Articles and Reviews on Anime, Cosplay, Conventions, Tutorials and Mecha Cosplay Tips
Tuesday, February 5, 2013
So it finally came to this
It seemed inevitable, considering the large number of people joining up and the hobby that has become widely popular.
Some say it was the recent SM Megamall Martilyo Gang jewel heist that provoked it. Some twitters even proposed having an Anti-Cosplay Bill due to the incident (as news reported that the robbers wore costumes, but later on retracted as CCTV cameras saw them wearing plain clothes). Some later on claimed it was a sarcastic joke that went overboard thanks to irresponsible posting and liking of screenshots of the matter in Facebook.
Thinking about it, it really shouldn't have garner this much stigma against cosplayers but apparently the move is justified due to the robbery scare and cosplayers who like to bring realistic gun props to events. As much as I like cosplaying, some people simply has this need to be kick-ass, so they bring realistic guns to an event saying its for cosplay, disregarding the orange tip rule and the common sense of not playing around carelessly and pointing the gun props at anyone. Its election year and I've already talked about how to go about it during the gun ban during the election year of 2009. Guess people forget.

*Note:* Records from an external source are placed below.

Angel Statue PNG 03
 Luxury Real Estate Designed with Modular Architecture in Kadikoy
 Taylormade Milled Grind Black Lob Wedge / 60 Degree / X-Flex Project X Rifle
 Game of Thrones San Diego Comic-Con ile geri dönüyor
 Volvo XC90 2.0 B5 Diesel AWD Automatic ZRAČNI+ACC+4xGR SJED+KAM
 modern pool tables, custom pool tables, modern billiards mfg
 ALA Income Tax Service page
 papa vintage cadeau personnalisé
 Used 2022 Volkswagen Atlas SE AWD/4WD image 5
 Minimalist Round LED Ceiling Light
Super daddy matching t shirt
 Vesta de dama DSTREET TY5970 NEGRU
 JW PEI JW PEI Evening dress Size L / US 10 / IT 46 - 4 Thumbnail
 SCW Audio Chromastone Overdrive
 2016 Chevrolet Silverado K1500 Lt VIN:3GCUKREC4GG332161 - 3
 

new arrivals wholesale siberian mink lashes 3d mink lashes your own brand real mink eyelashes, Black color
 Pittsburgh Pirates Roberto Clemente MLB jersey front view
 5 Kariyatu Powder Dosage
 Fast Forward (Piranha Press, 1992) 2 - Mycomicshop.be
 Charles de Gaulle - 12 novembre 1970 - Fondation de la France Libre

But personally, I feel that Robinsons admin was simply looking for a way to justify enforcing cosplayers because of an incident that happened just last December, in an event which had cosplay activities. A fight occurred between two cosplayers (or costume makers?) that ended up rather badly. But the bad part was it was done inside the event premises and security needed to separate them along with their friends. Already it resulted with rumors that cosplay events will be banned from the mall. With PCC (Philippine Cosplay Convention) being the next in line, the organizers Cosplay.ph waited for the eventual storm.
Needless to say, this has been the result of unfortunate circumstances and self-centered stupidity. Now that the eventual "zero tolerance" atmosphere has taken effect (similar to Anime Expo in Los Angeles), I wonder if cosplayers in general would finally learn something from this. After all, it takes just one person to bring down the whole, the minority bringing down the majority which of course, includes the public posting of mismanaged sarcasm versus the angry herd mentality phenomenon witnessed in Twitter and FB.
Oh well, this will all come to pass I guess. Sooner or later people will realize this is just a kneejerk reaction until somebody robs a bank. I bet someone in the internet will say the robbers looked like Superman and Batman. Oh wait, they already did.